E nesse sentido, a Bienal ao apagar os pixos assim como a grande maioria dos senhores envolvidos com a tal arte contemporânea estão situados e sitiados no terreno da cultura, já os pixadores, eles estão no terreno da arte, sem sombras de dúvidas.
A verdadeira arte nunca foi palatável, educada, exatamente por nos tirar do eixo ela tem que ter condutas que nos perturbe, nos faça pensar, nos faça sentir, que possamos sair do óbvio.

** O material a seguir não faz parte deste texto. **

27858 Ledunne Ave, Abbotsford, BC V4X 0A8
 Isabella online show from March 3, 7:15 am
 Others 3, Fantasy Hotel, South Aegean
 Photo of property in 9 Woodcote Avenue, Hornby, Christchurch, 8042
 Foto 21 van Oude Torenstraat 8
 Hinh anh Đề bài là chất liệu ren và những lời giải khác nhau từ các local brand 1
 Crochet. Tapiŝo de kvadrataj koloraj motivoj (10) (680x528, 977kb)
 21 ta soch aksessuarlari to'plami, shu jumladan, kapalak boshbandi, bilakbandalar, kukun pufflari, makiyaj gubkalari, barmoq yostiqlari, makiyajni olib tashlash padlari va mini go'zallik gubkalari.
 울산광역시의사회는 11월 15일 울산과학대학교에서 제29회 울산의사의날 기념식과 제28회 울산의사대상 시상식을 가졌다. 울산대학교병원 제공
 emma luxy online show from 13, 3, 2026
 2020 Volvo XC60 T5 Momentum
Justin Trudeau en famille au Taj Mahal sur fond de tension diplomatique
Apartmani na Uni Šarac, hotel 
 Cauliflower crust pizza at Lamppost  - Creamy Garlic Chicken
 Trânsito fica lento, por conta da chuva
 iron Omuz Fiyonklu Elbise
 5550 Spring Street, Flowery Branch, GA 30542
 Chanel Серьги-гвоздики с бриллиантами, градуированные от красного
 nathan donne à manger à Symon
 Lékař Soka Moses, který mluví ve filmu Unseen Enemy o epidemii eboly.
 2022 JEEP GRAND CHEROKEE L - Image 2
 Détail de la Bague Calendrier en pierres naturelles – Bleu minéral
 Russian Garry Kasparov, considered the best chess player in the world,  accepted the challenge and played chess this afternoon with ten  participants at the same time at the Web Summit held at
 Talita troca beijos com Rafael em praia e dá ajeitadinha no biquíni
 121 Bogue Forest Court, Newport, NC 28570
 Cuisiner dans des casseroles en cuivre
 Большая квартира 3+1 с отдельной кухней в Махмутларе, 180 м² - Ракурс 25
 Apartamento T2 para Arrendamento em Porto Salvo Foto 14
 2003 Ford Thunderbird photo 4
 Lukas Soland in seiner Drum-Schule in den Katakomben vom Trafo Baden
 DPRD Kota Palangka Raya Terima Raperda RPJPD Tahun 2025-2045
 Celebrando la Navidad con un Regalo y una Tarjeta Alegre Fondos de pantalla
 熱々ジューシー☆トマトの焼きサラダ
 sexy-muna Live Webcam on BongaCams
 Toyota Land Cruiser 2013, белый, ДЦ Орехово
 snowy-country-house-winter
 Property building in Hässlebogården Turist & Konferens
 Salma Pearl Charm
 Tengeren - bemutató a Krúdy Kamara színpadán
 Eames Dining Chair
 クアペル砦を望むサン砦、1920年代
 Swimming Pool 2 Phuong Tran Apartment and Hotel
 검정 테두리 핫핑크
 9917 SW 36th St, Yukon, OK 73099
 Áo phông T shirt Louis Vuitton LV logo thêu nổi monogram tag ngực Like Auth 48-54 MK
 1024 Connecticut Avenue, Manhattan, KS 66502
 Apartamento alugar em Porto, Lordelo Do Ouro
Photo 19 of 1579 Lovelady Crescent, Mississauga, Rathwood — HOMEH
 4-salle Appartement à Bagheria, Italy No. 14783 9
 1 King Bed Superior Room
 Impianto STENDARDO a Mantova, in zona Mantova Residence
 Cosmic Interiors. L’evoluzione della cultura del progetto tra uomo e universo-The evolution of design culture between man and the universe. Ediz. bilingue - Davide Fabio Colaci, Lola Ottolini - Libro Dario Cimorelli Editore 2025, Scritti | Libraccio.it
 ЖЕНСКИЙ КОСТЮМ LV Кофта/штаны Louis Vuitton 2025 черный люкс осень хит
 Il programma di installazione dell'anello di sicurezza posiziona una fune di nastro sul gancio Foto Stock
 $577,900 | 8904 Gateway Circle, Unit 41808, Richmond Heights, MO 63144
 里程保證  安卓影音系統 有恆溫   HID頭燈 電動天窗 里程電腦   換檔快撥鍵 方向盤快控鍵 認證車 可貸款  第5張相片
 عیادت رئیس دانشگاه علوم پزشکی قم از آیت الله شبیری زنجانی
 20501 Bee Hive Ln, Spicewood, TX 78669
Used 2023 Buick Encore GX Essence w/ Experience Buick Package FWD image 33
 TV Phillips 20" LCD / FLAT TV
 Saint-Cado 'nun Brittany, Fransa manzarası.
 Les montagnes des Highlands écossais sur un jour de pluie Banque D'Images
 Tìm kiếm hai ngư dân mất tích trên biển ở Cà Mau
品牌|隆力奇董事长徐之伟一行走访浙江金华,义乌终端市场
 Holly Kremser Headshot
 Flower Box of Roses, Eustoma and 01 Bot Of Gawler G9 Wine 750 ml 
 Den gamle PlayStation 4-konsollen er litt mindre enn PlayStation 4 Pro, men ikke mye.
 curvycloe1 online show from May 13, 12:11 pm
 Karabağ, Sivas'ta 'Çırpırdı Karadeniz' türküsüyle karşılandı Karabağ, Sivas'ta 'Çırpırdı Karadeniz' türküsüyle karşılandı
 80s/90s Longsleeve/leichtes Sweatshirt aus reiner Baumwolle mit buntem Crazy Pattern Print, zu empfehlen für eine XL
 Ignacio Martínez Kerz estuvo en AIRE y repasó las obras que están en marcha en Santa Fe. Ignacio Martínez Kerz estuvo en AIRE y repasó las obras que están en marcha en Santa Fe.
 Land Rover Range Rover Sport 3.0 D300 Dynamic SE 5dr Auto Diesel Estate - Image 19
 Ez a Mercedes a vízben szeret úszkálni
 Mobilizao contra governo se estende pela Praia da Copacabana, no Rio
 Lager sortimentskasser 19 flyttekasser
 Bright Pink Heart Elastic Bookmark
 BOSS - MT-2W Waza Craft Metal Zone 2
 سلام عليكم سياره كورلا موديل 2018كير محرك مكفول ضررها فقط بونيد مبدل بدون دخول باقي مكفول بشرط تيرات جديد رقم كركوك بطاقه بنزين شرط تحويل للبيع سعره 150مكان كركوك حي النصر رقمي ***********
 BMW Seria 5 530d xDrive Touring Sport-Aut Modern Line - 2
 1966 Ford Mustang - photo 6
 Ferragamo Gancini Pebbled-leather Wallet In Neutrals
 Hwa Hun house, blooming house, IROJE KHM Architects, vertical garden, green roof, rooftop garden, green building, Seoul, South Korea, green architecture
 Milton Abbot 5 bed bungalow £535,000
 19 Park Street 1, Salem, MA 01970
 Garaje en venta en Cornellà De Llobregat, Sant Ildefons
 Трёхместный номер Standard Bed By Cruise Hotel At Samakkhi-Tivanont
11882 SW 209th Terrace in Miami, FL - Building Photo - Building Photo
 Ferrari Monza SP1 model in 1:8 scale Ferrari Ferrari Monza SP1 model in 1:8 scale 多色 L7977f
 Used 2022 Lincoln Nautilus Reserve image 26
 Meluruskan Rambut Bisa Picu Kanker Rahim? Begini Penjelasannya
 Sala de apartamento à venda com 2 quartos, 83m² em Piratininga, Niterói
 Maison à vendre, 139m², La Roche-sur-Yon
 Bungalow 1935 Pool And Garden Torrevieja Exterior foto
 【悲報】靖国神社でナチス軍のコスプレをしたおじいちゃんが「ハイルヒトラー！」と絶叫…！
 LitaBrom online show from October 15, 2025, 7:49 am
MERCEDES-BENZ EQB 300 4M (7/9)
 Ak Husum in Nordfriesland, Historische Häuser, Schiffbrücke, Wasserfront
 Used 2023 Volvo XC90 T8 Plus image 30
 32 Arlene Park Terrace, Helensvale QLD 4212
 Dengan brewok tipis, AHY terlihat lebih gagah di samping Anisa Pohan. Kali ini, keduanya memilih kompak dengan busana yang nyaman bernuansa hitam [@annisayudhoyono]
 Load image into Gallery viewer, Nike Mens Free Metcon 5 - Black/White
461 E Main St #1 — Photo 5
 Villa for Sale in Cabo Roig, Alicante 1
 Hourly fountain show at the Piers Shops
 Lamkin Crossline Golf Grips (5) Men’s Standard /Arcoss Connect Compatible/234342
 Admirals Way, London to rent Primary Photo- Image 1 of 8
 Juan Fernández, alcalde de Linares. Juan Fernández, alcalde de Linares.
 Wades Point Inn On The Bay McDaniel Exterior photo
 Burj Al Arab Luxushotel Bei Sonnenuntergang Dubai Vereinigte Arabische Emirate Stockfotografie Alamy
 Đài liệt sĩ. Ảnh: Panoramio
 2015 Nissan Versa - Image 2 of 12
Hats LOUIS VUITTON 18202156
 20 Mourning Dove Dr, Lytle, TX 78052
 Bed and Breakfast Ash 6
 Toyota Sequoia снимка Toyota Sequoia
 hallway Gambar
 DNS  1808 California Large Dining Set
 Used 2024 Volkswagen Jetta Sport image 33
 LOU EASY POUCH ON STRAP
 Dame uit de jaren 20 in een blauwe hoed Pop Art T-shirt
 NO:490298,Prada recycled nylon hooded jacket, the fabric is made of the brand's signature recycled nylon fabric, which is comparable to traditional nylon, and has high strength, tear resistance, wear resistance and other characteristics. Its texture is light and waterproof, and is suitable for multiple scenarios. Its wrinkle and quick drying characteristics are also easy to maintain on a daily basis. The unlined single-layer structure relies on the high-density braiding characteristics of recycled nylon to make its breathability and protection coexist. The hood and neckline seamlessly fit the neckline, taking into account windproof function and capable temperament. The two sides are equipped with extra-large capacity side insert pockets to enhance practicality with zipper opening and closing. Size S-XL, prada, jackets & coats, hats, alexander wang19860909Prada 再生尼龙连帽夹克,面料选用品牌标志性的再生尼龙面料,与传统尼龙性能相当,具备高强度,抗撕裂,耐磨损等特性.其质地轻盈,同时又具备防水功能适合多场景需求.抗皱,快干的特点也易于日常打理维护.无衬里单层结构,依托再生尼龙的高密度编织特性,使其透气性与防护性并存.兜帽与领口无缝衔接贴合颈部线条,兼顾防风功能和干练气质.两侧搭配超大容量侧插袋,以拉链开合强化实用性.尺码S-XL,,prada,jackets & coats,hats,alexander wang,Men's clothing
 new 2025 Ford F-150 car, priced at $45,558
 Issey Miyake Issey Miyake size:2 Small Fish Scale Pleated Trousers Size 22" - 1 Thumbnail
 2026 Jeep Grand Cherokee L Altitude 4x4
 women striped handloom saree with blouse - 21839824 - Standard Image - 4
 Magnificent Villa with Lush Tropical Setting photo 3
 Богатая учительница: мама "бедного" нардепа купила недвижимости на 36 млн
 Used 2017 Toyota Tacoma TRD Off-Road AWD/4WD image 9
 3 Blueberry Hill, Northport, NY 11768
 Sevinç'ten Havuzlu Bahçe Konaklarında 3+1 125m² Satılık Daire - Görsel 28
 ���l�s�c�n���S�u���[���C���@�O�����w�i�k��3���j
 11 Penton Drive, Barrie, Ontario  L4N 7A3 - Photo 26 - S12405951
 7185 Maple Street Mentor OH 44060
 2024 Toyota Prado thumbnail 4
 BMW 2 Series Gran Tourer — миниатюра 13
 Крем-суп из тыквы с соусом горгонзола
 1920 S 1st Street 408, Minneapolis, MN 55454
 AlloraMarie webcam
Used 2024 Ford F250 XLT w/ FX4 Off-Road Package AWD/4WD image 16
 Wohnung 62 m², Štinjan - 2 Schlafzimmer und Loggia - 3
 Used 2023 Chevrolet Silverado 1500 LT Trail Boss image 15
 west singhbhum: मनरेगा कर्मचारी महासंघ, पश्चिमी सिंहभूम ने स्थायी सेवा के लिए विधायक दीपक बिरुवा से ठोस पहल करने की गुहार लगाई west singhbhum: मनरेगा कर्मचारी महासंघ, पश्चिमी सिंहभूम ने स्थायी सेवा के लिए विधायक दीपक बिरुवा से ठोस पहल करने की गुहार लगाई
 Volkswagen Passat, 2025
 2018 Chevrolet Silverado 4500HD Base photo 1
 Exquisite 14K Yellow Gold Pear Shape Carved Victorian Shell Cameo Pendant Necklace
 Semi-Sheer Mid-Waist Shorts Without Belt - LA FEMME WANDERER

Acredito que depois da Bienal da Grande Tela, importantíssima em seu ato paradigmático ao fundar no Brasil a persona do curador tal como a conhecemos nos dias atuais e criar a obra formadora dessa figura do curador como artista que reina até hoje, esse ato dos pixadores é a grande novidade em artes desde os anos 80.
Infelizmente a Bienal do Vazio por ser tacanha como escreveu em outras palavras Jorge Coli se mostrou em sua relação policialesca com os pixadores que essa história do vazio era mesmo uma falseta. E ainda dentro do antigo castelo da tal arte dita contemporânea preferiu apagar esse capítulo de seus anais, mas quem levou no rabo foi ela mesma, porque até hoje eles, os pixadores, ainda são assunto em meios que essa mesma tal arte adoraria ser incorporada.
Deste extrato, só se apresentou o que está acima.